Characteristic Degradation Products and Structural Changes

Nisin’s activity depends on the stable structure of its 5 lanthionine rings. Thermal processing causes ring opening or fracture. NMR detection shows that thermal degradation produces linear peptide fragments without intact rings, such as truncated peptides lacking specific lanthionine rings. These fragments exhibit unique molecular weight peaks in metabolic profiles, serving as markers of Nisin inactivation during thermal processing.

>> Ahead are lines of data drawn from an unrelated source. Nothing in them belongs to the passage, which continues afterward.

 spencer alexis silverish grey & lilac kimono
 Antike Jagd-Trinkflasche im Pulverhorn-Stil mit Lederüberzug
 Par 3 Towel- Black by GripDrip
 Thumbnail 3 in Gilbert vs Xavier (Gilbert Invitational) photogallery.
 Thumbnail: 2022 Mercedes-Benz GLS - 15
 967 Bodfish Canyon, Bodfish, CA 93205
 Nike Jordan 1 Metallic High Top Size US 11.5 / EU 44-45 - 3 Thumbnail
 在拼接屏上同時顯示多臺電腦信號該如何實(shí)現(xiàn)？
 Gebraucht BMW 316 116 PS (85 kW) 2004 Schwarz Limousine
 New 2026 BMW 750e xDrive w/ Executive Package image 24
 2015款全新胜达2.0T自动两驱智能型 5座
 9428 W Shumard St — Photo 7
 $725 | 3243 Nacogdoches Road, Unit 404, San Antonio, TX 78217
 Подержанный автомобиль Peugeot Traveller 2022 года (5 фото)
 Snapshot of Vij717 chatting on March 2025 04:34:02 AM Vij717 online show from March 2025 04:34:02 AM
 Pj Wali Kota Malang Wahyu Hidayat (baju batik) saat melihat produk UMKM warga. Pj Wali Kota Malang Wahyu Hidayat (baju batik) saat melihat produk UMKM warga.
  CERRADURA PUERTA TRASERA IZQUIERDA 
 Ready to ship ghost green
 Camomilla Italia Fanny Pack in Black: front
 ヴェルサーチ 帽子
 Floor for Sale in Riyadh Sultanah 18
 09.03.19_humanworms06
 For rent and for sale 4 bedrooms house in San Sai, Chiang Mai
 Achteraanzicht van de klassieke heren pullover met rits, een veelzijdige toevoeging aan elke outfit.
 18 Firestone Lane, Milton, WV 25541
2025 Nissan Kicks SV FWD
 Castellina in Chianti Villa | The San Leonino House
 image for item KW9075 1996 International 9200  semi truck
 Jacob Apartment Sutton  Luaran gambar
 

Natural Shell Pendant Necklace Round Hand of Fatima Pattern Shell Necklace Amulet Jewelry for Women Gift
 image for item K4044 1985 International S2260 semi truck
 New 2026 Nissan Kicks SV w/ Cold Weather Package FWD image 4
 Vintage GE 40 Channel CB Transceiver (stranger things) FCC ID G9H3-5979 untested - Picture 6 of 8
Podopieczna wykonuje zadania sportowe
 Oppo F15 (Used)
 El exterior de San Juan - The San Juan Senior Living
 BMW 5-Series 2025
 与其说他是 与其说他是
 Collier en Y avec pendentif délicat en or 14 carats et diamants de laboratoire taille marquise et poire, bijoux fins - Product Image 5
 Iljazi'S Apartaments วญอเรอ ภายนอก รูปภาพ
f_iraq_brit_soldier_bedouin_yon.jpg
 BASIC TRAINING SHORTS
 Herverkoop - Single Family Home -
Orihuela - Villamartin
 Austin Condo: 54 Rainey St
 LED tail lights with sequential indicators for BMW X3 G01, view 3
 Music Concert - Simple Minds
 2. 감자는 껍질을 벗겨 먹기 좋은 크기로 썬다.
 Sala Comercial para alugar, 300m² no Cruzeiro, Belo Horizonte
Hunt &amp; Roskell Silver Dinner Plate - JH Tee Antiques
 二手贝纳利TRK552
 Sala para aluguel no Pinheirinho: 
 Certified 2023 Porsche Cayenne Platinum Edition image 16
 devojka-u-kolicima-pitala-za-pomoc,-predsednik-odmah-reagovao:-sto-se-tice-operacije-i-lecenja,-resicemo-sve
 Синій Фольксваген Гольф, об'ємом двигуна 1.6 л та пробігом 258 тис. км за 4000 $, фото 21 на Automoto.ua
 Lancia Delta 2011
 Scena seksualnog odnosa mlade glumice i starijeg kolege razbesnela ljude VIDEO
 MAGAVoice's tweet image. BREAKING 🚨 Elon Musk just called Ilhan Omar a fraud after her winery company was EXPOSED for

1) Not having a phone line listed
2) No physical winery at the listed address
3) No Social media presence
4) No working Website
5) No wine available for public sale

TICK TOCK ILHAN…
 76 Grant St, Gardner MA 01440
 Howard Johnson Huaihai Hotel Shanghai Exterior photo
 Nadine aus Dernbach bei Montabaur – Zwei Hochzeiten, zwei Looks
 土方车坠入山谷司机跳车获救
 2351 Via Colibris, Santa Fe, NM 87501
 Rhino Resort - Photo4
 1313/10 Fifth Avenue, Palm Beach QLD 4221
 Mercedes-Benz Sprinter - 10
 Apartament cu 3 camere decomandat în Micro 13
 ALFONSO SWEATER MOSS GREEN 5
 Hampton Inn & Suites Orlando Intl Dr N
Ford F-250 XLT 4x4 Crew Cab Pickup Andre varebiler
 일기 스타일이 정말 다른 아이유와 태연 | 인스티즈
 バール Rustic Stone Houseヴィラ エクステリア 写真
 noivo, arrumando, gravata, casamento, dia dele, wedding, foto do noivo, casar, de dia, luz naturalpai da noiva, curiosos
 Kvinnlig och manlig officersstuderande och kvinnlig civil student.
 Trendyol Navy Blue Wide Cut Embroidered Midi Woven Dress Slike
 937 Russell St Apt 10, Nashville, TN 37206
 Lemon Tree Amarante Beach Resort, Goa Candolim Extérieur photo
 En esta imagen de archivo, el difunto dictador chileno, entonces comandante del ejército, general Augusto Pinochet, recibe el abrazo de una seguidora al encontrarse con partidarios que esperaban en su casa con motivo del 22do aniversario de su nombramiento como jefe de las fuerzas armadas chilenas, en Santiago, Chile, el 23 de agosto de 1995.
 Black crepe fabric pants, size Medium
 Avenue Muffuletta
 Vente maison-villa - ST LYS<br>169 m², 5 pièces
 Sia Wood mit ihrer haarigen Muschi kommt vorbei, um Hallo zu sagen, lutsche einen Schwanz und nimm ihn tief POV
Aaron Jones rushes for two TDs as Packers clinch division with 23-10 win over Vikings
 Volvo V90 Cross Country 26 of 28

Influence of Food Matrix on Thermal Degradation

Metabolomic data indicate that food fat content exacerbates Nisin’s thermal degradation. For example, in high-fat milk containing 12.9% fat, Nisin activity decreases by over 88% after thermal processing, whereas in skim milk, activity decreases by only 33%. This is because fat molecules form complexes with Nisin, altering its thermal stability and making peptide bonds and ring structures more susceptible to destruction during heating.

Additionally, metabolomic studies have found that food matrix factors such as pH and additives regulate the direction of degradation pathways. For instance, low pH environments inhibit peptidase activity, delaying enzymatic hydrolysis; adding the non-ionic emulsifier Tween 80 reduces Nisin’s binding to fat, lowering the rates of thermal and oxidative degradation. These findings provide important metabolomic evidence for extending Nisin’s antibacterial validity period by optimizing food formulations (e.g., adjusting pH, adding suitable emulsifiers) and processing techniques (e.g., controlling sterilization temperature).